On ne sait plus si on lit un bouquin ou un scénario pour Hollywood.
Et puis très vite, après quelques chapitres ... Brrr..
C'est pourtant marqué dessus : thriller. Et pas : polar.
Les romans policiers que l'on aime, comme la plupart des bouquins, ont cette magie de nous emmener ailleurs et autrement, même lorsqu'ils mettent en scène d'affreux vilains.
À l'opposé, Montanari, lui, se situe quelque part entre Patricia Highsmith et Thomas Harris, alias Hannibal : sur l'étagère des auteurs malfaisants qui jouent systématiquement de toutes les cordes sensibles du lecteur, surtout les plus tendues, jusqu'à nous faire nous renfermer dans notre coquille.
On est scotché au bouquin, on a hâte d'arriver au bout, mais sans trop savoir si c'est vraiment pour avoir le fin mot de l'histoire ou si c'est plutôt pour sortir de cet enfer et passer à autre chose.
[...] Peut-être ferait-il mieux de rentrer. Mais pour retrouver quoi ? Son deux pièces vide ? 
Il viderait encore un demi-litre de bourbon, regarderait une émission de télé, peut-être un film. 
À trois heures, il se coucherait pour attendre un sommeil qui ne viendrait pas. 
À six heures, vaincu par l'aube, il se lèverait avant même que son réveil ait sonné. 

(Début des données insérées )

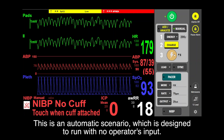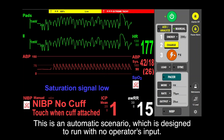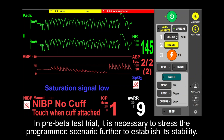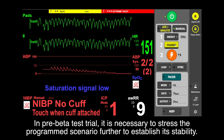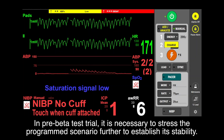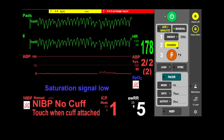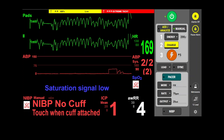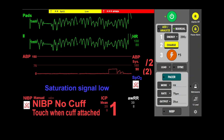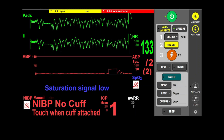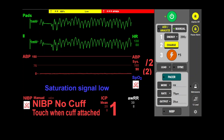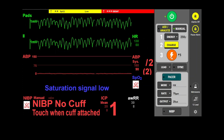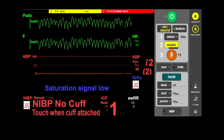ECG rhythm returns to wide complex tachycardia with pulse — ventricular tachycardia with pulse. In this pre-beta test trial, it is necessary to stress the programmed scenario further to establish its stability.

Pour celles et ceux qui aiment les grands frissons et qui n'ont pas peur du noir. 
Anjelica en parle, tout comme Clarabel, ainsi que Hardboiled qui, lui, partage plutôt notre avis. 
Le site Critiques libres enregistre aussi quelques critiques.

vendredi 5 octobre 2007

L'histoire de Chicago May (Nuala O'Faolain)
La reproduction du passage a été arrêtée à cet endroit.